The plot revolves around the construction of the Rimbauer mansion, Rose Red, in Seattle, Washington, tracing a series of mysterious accidents throughout the mansion's early history which cause it to become cursed. Set at the turn of the 20th century, the stately, sinister mansion is constructed by powerful Seattle oil magnate John Rimbauer (Steven Brand) as a wedding present for his timid, submissive young bride, Ellen (Lisa Brenner). Rimbauer uses much of his wealth to build the mansion in the Tudor neo-Gothic style and situate it on 40 acre of woodland. The site has been a Native American burial ground. The house appeared cursed even as it was being constructed: three construction workers are killed on the site, and a construction foreman is murdered by a co-worker.

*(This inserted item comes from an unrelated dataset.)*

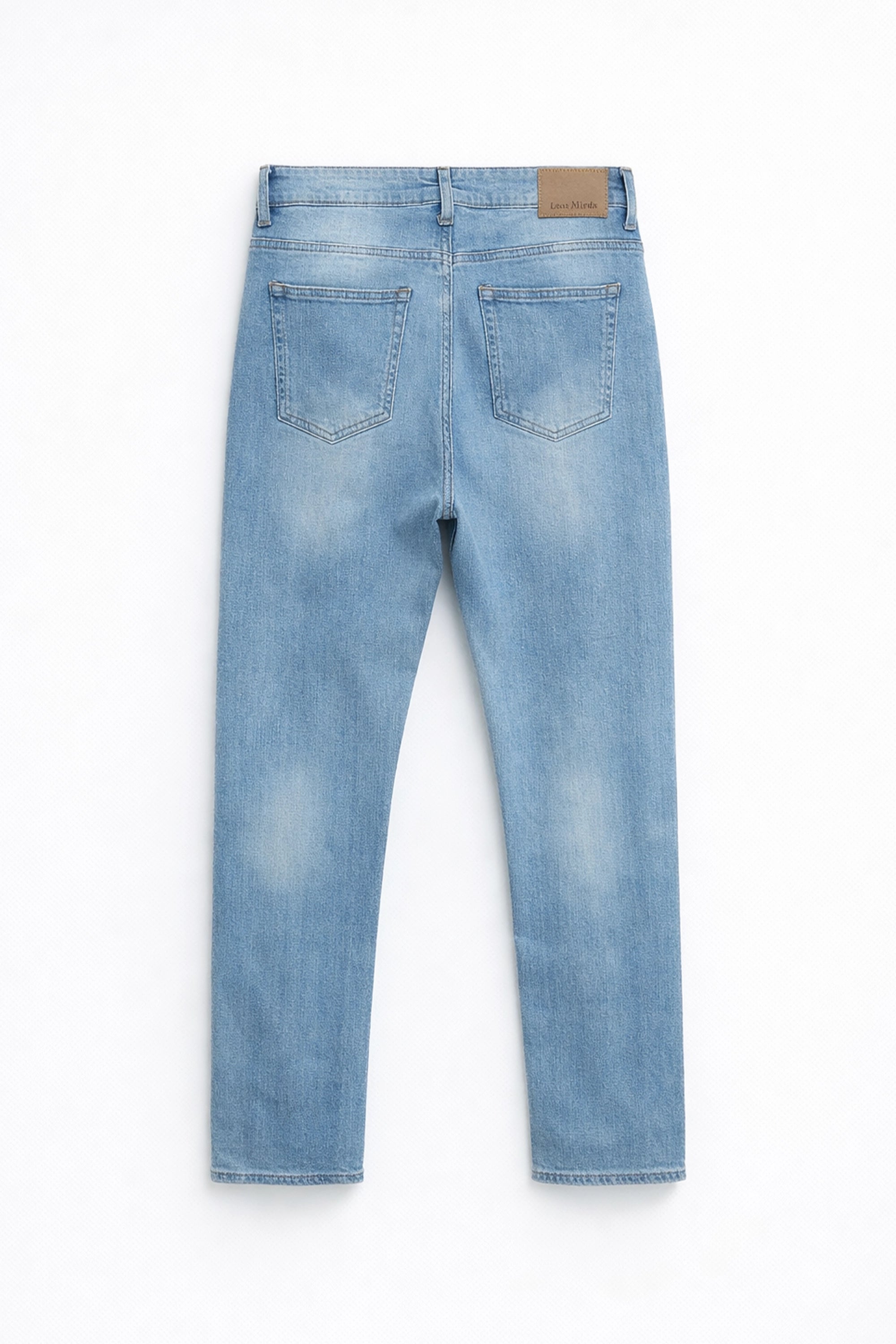 Men Branded Denim Jeans - L/Blue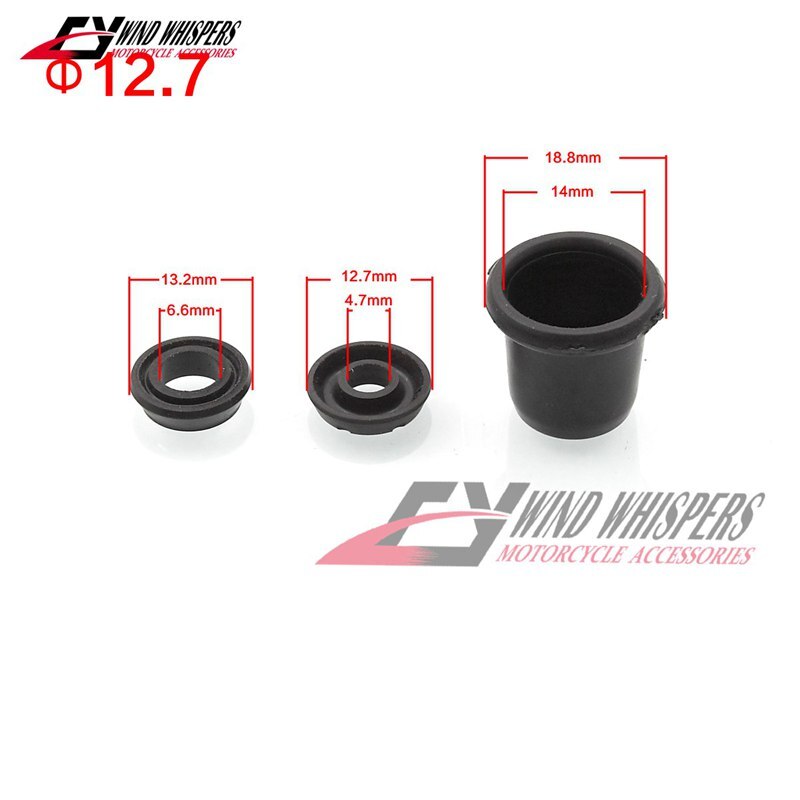 Motorfiets universele Koppeling en rem master cilinder oliekeerringen ring Seals rubber diameter: 12.7mm 14mm 15.87mm 19mm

Shortly after her marriage to Rimbauer, Ellen begins keeping a diary in which she confesses her anxieties about her new marriage, expresses her confusion over her emerging sexuality, and contemplates the nightmare that her life is becoming. Ellen soon has two children which helps soothe her painful relationship with her husband. First, a boy named Adam, and then a girl (born with a deformed withered arm) named April. At first impressed by her husband's extravagance, Ellen eventually hates and fears John, especially when learning unsavory facts about his past. Meanwhile, the number of individual hauntings in the mansion increases, possibly including ghosts of the many people close to John who have mysteriously vanished. Ellen interprets the eerie manifestations as a warning that she, too, may some day disappear without a trace.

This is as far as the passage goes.